The leadership of the National Assembly on Monday gave an assurance that it will approve extra-budgetary request of the Executive for the security agencies to wage a total war on the rising level of insecurity in the country.
It also stated that the composition of a new board for the Niger Delta Development Commission (NDDC) may have to wait until the on-going forensic audit of the agency is completed and its report submitted to the Presidency for necessary action.
The Chairman of the National Assembly and President of the Senate, Dr Ahmad Lawan, who made this disclosure while speaking with newsmen at the Presidential Villa, Abuja after a closed-door meeting with President Muhammadu Buhari, stated that the federal government is headed in the right direction with its latest moves to fight security challenges across the country.
According to him, the legislative arm will approve budgetary proposals for more funds to be released from the excess crude account to the security agencies to procure more weapons in the fight against insurgency and other security matters facing the nation.

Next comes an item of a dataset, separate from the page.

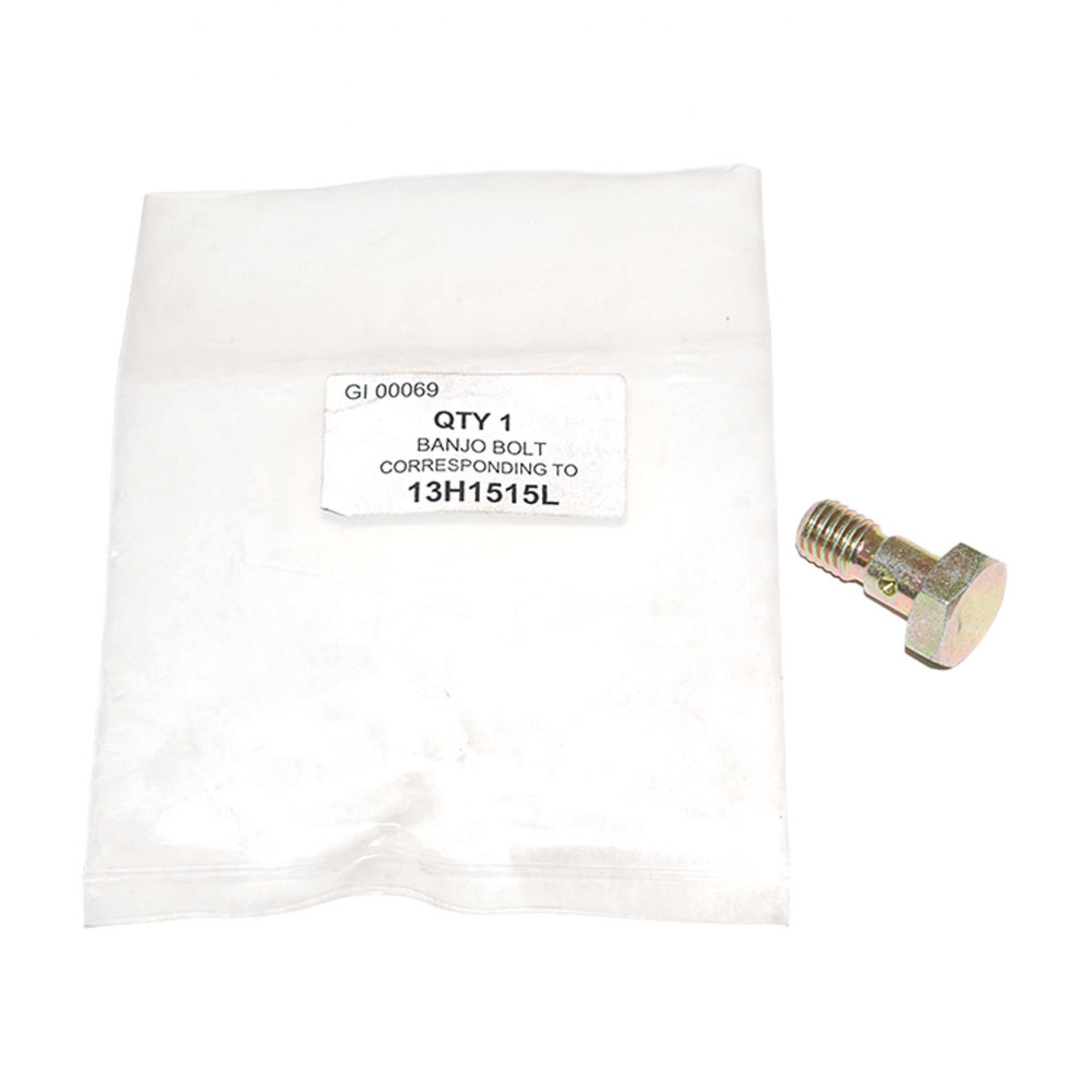 13H1515L - Banjo Bolt Top Of Fuel Filter Diesel 1968-1990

He said: “You’ll recall that the National Economic Council approved of taking some funds from the Excess Crude Accounts with a view to giving more resources to our armed forces. This is a commendable effort and we are ready to help with appropriation to ensure that we acquire those security weapons for the armed forces of this country to end this insecurity in the North-east, in the North-west, in the South-east/South-south and South-west as well.
“We believe that this is also going to help empower and build the capacity of other security agencies like the police because the police need to be there. They’re supposed to maintain the internal security and whenever the armed forces secure an environment, the police should be there to stay put and make sure there is law and order.”
Lawan explained that he had fruitful deliberation with the president on the need to secure all parts of the country, especially the rural areas ahead of the planting season for farmers.
“We had a very extensive discussion on the security of all parts of Nigeria and how we should go about improving the situation. We all have roles to play. Nobody would like to see the kind of things that we experience in various parts of the country in the form of insecurity.
“As political leaders, we have responsibilities to our people and we cannot shy away from that. We have to get our people secured; we have to secure the environment for them to earn their means of livelihood; we’ll like to see our farmers go back to farms before the rainy season starts.
“This means we have to secure the rural parts of Nigeria as well as the urban centres because we need businesses to flourish. So I believe that between now and probably the next two months, there will be a lot of activities to ensure that we recover and secure the environments for our people to lead a very normal life,” he said.
The Senate President also stressed the need for Nigerians to live in any part of the country irrespective of where the people come from in the spirit of one Nigeria.
“I want to point out very clearly that Nigerian citizens believe in Nigeria so strongly and that is why you will find an Igbo man, a South-easterner in the remotest parts of northern Nigeria.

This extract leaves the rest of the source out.